Shorter Labour

Tony Crisp









For the first time in my life I recently helped to deliver a baby. There were several remarkable features about the birth.

1) We used an extraordinarily simple new approach to birthing.

2) This approach claims to radically reduce the length of labour -- and it did.

3) The pregnant woman's previous length of labour had been forty five hours. This labour was three hours.

4) The birth was achieved without any professional help.

I am going to outline the approach we used, but will give a little more background first.

I will call the woman Jane. It was Jane's third pregnancy. The first child, a boy, was a Caesarean birth. Jane says this was because of the paediatricians mismanagement of her situation, and because of racial difficulties at the hospital.

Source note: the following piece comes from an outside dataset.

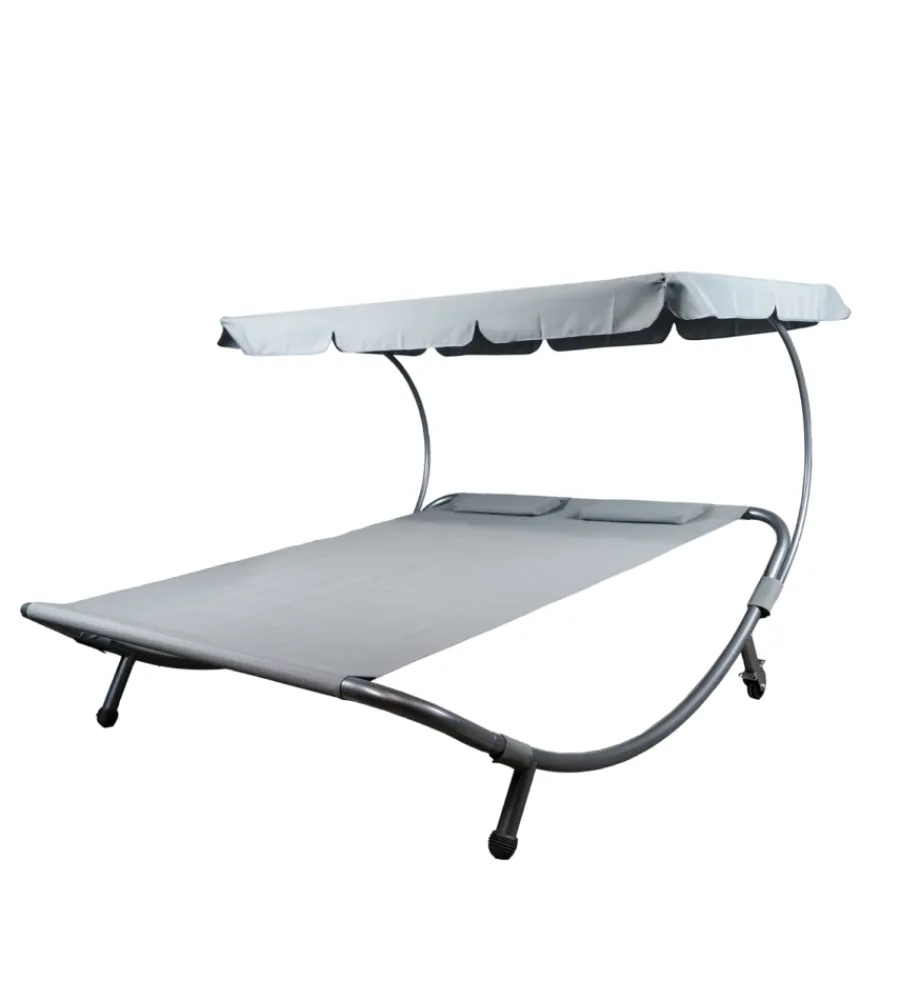 Mobili Da Giardino E Accessori-EuroGarden Lettino amaca da esterno in acciaio e textilene con tettuccio grigio 173x196x175 cm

Jane was told afterwards that the midwives, because of the racial situation, gave her a bad time and pushed her into having an unnecessary Caesarean. The Caesarean birth left Jane feeling an enormous lack of confidence in her ability to naturally deliver her baby. It did not completely deter her from trying again though. So fairly quickly she was pregnant with her second child.

This birth was with a midwife. Jane felt the midwife totally took charge of the situation, not allowing her to make choices about the birth position and the handling of the baby.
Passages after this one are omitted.